Polish-Jewish Relations: 1,300 Keyword-Phrase-Indexed Book Reviews (by Jan Peczkis)


OZON Gov’t Didn’t Try To Expel All Jews Beck

Final Report, by Józef Beck. 1957

Jozef Beck’s Memoirs: Polonized Jews Not To Be Expelled; Teschen (Cieszyn) 1938 Detail; Nonaggression Pacts; 1939 Myth on Government Evacuation Corrected

This work provides Jozef Beck’s perspective on such things as the Pilsudski coup of 1926, interwar Poland, international diplomacy and Poland’s “dance of safety” between two aggressive powers, and much more. It also touches on his personal life.

THE POST-PILSUDSKI OZON GOVERNMENT WAS NOT UNILATERALLY ANTAGONISTIC TO JEWS

Jozef Beck considered the Jewish problem in pre-WWII Poland. (pp. 134-136). He found the Litwaks (Litvaks—erstwhile Russian Jews) objectionable. On the other hand, he condemned the prejudices directed at Polonized Jews, commenting: “Something quite different again was the old group of Jewish assimilationists of the end of the XIX century, who were deeply connected with the file of our nation and who were obviously wronged by the eliminating movement so fashionable during the last years before 1939.” (p. 134).

Beck suggested that mass emigration, as to Palestine, was the only solution to the Jewish economic dominance of Poland. It had been complicated by the resistance of the British and French, and the lack of understanding of eastern European Jews by western Jews and their Zionist organizations.

TESCHEN/CIESZYN 1938: THE TRUTH AT LAST

This work is timely because Russian revisionists have recently tried to nonsensically relativize the Ribbentrop-Molotov Pact as a 1939 Soviet-German dismemberment of Poland that was “really no different” from the 1938 Polish-German dismemberment of Czechoslovakia. The latter involved Poland’s taking of the Teschen (Cieszyn) Trans-Olza (Zaolza) area. To begin with, this area annexed by Poland was a tiny border one, comprising just 0.6% of the territory of pre-WWII Czechoslovakia. So it was not a Polish participation in the German-Nazi dismemberment of Czechoslovakia except in the most trivial sense of the word.

The tiny border area was not Czech: It was, according to the 1910 Austrian census, 76% Polish. (p. 268).

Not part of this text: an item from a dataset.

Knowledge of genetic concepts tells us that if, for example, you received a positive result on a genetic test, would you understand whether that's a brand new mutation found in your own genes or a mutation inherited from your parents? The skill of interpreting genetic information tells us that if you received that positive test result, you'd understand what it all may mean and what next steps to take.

The Teschen (Cieszyn) area had recently (1919) been fraudulently seized by Czechoslovakia (p. 78, 153), with the Czech forces disguising themselves as French ones, and taking advantage of Poland’s weakness. (pp. 268-269). A French-based commission waved off the promised plebiscite that was supposed to fairly decide the fate of the area, and unilaterally awarded six of the eight counties of Teschen (Cieszyn) to Czechoslovakia. (p. 269). This left 180,000 Poles in this small, compact area on the Czech side of the Polish-Czech border. No wonder Poland wanted to rectify this blatant injustice.

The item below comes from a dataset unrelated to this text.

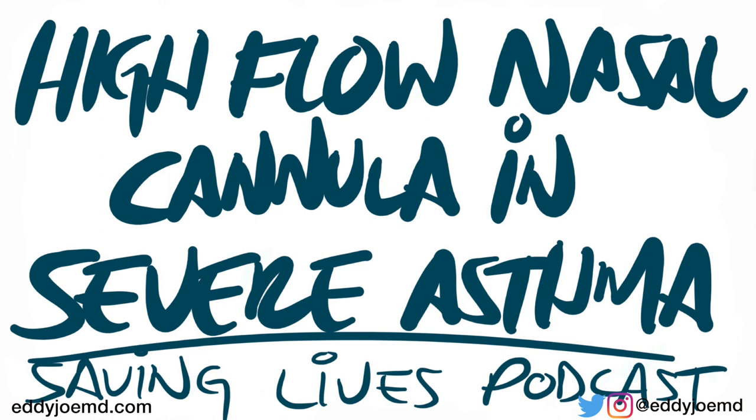Those of us who are familiar with the system have been able to keep many people off of mechanical ventilation by using this technology, which is very comfortable for the patient because it's not obtrusive over the patient's mouth. They can still talk to you, they can still eat, they can still speak to their family members. I personally use it every single day with my patients.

TRYING TO BLAME POLAND FOR WWII: BECK WILL HAVE NONE OF IT

Beck’s memoirs also remind us that the recently-stated Russian revisionist accusation of Poland having a secret deal with Nazi Germany to attack the USSR is nothing more than an old saw. Beck commented: “Our pact is non-aggression with the Soviets and the German Reich were negotiated one year apart and each of them presented full value in itself. As, however, it was with difficulty that the world would believe that the aim of these pacts was so simple, as could be seen from their texts, people looked everywhere for some secret appendices which would change the nature of these agreements. I attached great importance to the necessity of stressing that there was no contradiction between the two pacts, as the improvement of our relations with Germany and Russia was limited by the impossibility of making our policy dependent on any of these dangerous partners.” (p. 51).

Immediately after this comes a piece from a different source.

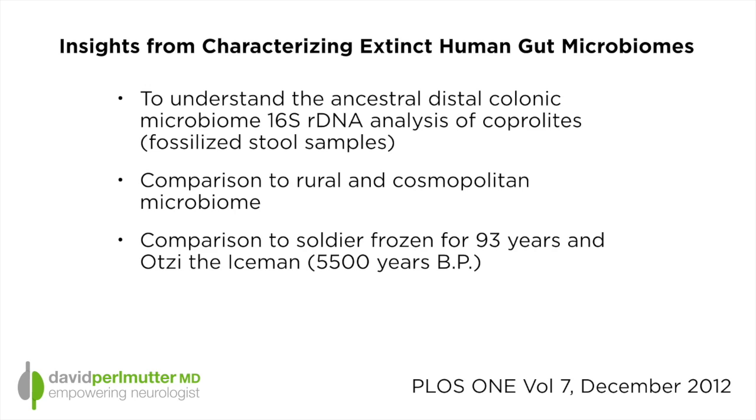You may be wondering: how do we know what gut bacteria was like in ancient times? Let's look at some research. This is a report from PLOS One, December of 2012, and it brings to our attention the notion that there is science available for us to look at what are called coprolites — coprolites are fossilized stool specimens. We now have the technology to actually do DNA analysis of fossilized stool and determine what the bacterial makeup was of individuals who lived long ago.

THE 1939 EVACUATION OF POLAND’S GOVERNMENT HAD BEEN STRATEGIC AND PRE-PLANNED

The 1939 wartime evacuation of the Polish government from Warsaw has at times been misrepresented as some kind of panicked, defeatist, cowardly flight. It was no such thing. It was a protective move that had been planned before the war. (p. 211). Owing to the rapidity of the German advance, initial plans to move the government to Lublin or Lwow were abandoned in favor of Krzemieniec. Beck and other government officials were there by September 11. With the unanticipated Soviet aggression against Poland commencing September 17, Beck and others moved to Kolomya (p. 226), and then on to Romania.